Podstawą tego rozumowania było ukryte przekonanie, że Bóg stanął po stronie Żydów. W świecie islamskim aż do końca II wojny światowej nie pojawiały się szczególne zwiastuny antysemityzmu, który teraz przenikał politykę i stosunki społeczne w krajach arabskich. Żydzi przez tysiąc dwieście lat żyli całkiem bezpiecznie pod panowaniem muzułmańskich władców. Choć musieli być wobec nich ulegli, to cieszyli się pełną swobodą wyznania. Dopiero w latach trzydziestych XX wieku w wyniku nazistowskiej propagandy w arabskojęzycznych audycjach na falach krótkich oraz oszczerstw rzucanych przez chrześcijańskich misjonarzy w okolicy pojawiły się uprzedzenia znane już od dawna na Zachodzie. Po wojnie zaś Kair stał się schronieniem dla nazistów, którzy pełnili nawet funkcje doradcze w wojsku i administracji państwowej. Ruch islamistyczny narodził się w okresie, gdy faszyzm akurat zanikał – ale w Egipcie obie te tendencje przez jakiś czas występowały jednocześnie, przez co wirus antysemityzmu został przekazany nowemu nosicielowi.

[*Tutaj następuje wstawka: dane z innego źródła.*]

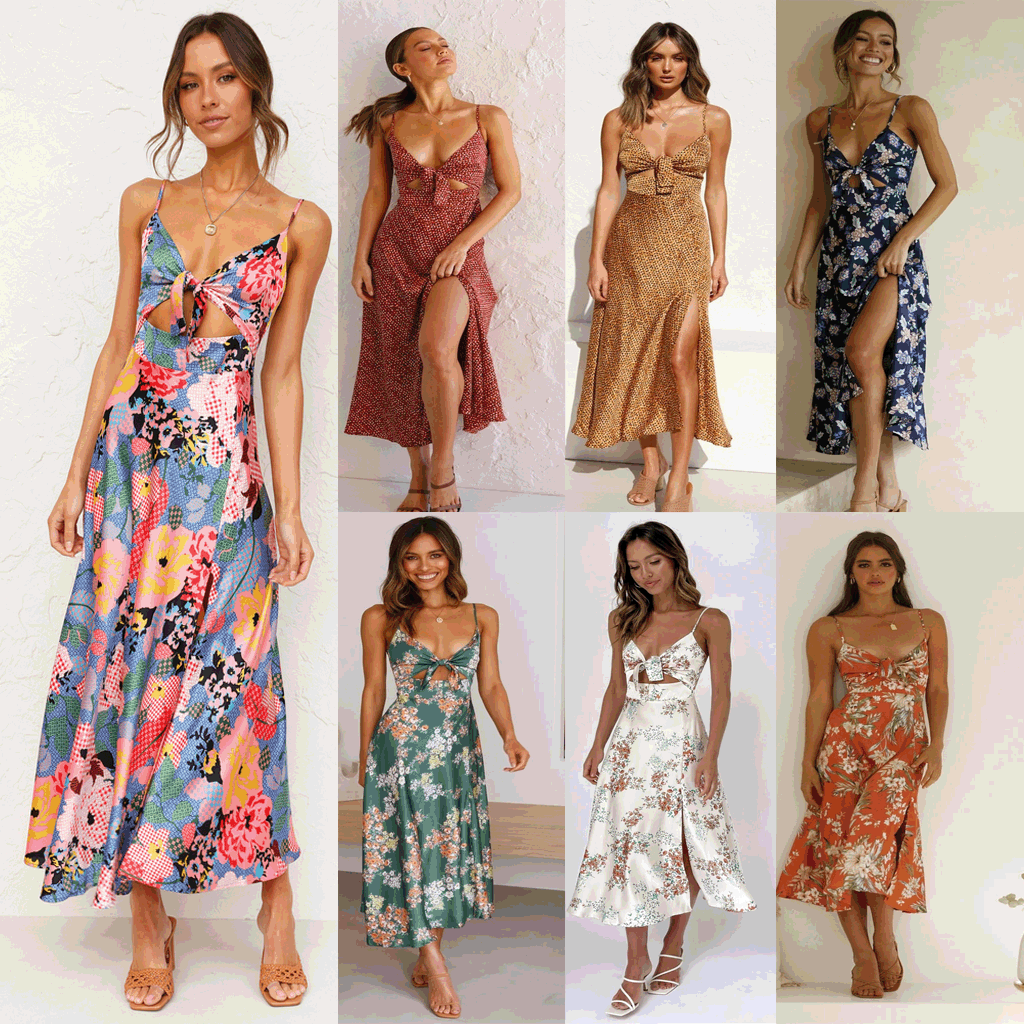 Patchwork Floral Print Spaghetti Strap Cut Out Tie Front Midi Dress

Powstanie państwa Izrael oraz oszałamiający wzrost jego potęgi militarnej stanowiły spore wyzwanie dla arabskiej tożsamości. Widząc własną niską pozycję, Arabowie patrzyli na Izrael i wspominali czasy, gdy prorok Mahomet rozprawił się z Żydami z Medyny. Rozmyślali o wielkiej fali muzułmańskich podbojów, o nieposkromionych rzeszach swoich przodków uzbrojonych w miecze i włócznie – i czuli się upokorzeni kontrastem między dumną wojowniczą przeszłością a nędzną codziennością. Bieg historii właśnie się odwrócił, a oni byli tak podzieleni, zdezorganizowani i zmarginalizowani jak w czasach dżahilii. Nawet Żydzi mieli nad nimi przewagę. W meczetach głoszono, że Arabowie utracili jedyną broń dającą im prawdziwą siłę – bronią tą była ich wiara; wystarczy więc odbudować tamten pierwotny zapał i czystość religii, która dała im wielkość, a Bóg znów będzie po ich stronie.

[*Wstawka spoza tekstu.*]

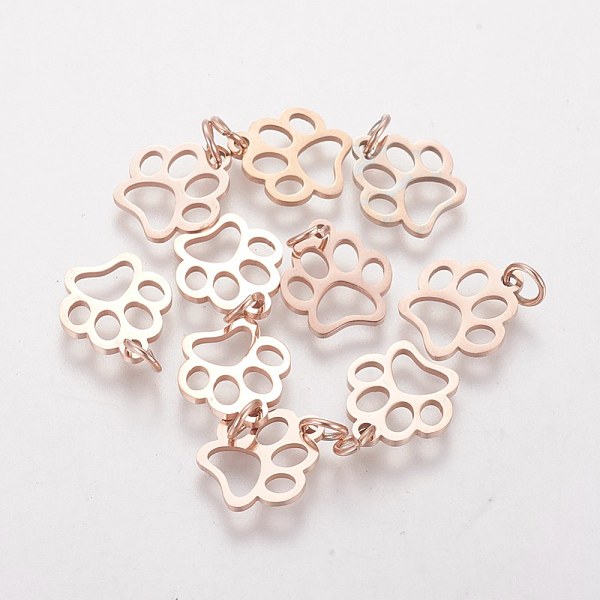 

PandaHall 304 Stainless Steel Pendants, Dog Paw Prints, Rose Gold, 13x12x1mm, Hole: 4mm 304 Stainless Steel Dog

Pierwotnym celem ataku egipskich fundamentalistów stał się świecki reżim Nasera. W świetle nauk dżihadu należało przede wszystkim poskromić „bliskiego wroga”, czyli oczyścić społeczność muzułmańską. „Dalszy wróg”, czyli Zachód, mógł zaczekać, aż islam sam się zreformuje. Dla Zawahiriego i jego kolegów oznaczało to co najmniej konieczność wprowadzenia w Egipcie prawa muzułmańskiego.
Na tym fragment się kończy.